Domain Specific Accelerators: Definition, Architecture and Use

Domain Specific Accelerators: Definition, Architecture and Use

Domain Specific Accelerators or Domain Specific Accelerators are a type of unit that is located by its complexity below a CPU, but has the ability to perform certain tasks consuming less power and being faster. But how do they work, what defines them, and why are they the future of hardware?

As time goes by, programs need to go faster and faster, but at the same time CPUs and GPUs have become behemoths of complexity where it is very difficult to increase performance in a traditional way. The future solution for this problem? Domain Specific Accelerators

First of all, the throttle concept

Sistema ARM RISC

Since the dawn of computing, support chips have been necessary to speed up certain techniques, originally these chips freed the CPU from performing a repetitive and recursive task. The clearest example was the graphics systems that made the CPU not have to waste most of the time drawing on the screen.

An accelerator is a support chip that goes further, because it not only frees the CPU from doing that task, but also speeds it up. That is, the task is done in a portion of the time of what the CPU would take. Which means that it is accelerated and has an impact on everything going faster. Hence the name accelerator.

Accelerators there are many types and designs, any type of hardware can be an accelerator: a microcontroller, an FPGA, a combinational or sequential circuit, etc. In recent years, a type of accelerator has appeared that will dominate the hardware in the following years, the Domain Specific Accelerators.
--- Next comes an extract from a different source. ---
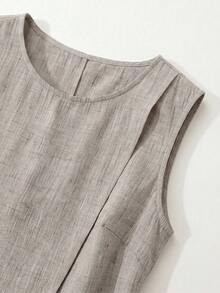 SHEIN LUNE CURVE طقم نسائي مقاس كبير بلون موحد برقبة دائرية وبلوزة وبنطلون طويل كاجوال للاستخدام اليومي - بني - مشاهدة 4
Domain Specific Accelerators, general definition

reloj-CPU

In hardware, we have been using accelerators for a long time for different types of jobs and specific applications and therefore for a specific domain in particular. Today these domains can be graphics, Deep Learning, bioinformatics, voice processing and images in real time. There are many specific domains in which a Domain Specific Accelerator can solve the problem in a better way than a CPU, that is, in less time and consuming less.

The first thing that will come to mind is the question: is a GPU a Domain Specific Accelerator? No, it is not. DSAs take care of very specific tasks in particular, so a GPU is going to have several of these units. To make it more understandable, it must be taken into account that every task can be divided into several smaller ones that can be accelerated independently with this type of processors.

However, Domain Specific Accelerators are different from other options that exist on the market, since they exploit in their design a series of characteristics that place them between general purpose processors and conventional accelerators. In other words, they do not reach the complexity of a CPU, but they are much more complex than the classic solutions, especially those based on a fixed function.

Specific domain, specific ISA

Código Fuente

The first thing we have to bear in mind is that a Domain Specific Accelerator is not a CPU, although it also executes a program, its design is optimized for a specific solution and not one in general, for this a totally ISA is created around the DSA unit exclusive whose instructions, registers and data types used are thought to solve in a short time certain instructions that a CPU would take many cycles to do.

The CPUs in their ISAs build instructions today from microinstructions that share a common data path through the instruction cycle. This means that due to the complexity of the instruction set, a complex instruction takes many cycles to complete. In a DSA we can create instruction loops and specific data paths for certain instructions that run faster. We can even create units in parallel that execute just that instruction recursively.

But the biggest advantage of this is that it allows us for certain applications to get rid of instructions that a general purpose unit that for our specific application is useless. And that in recent years they have ended up transforming the sets of registers and instructions of CPUs and GPUs into mastodons that occupy a large space.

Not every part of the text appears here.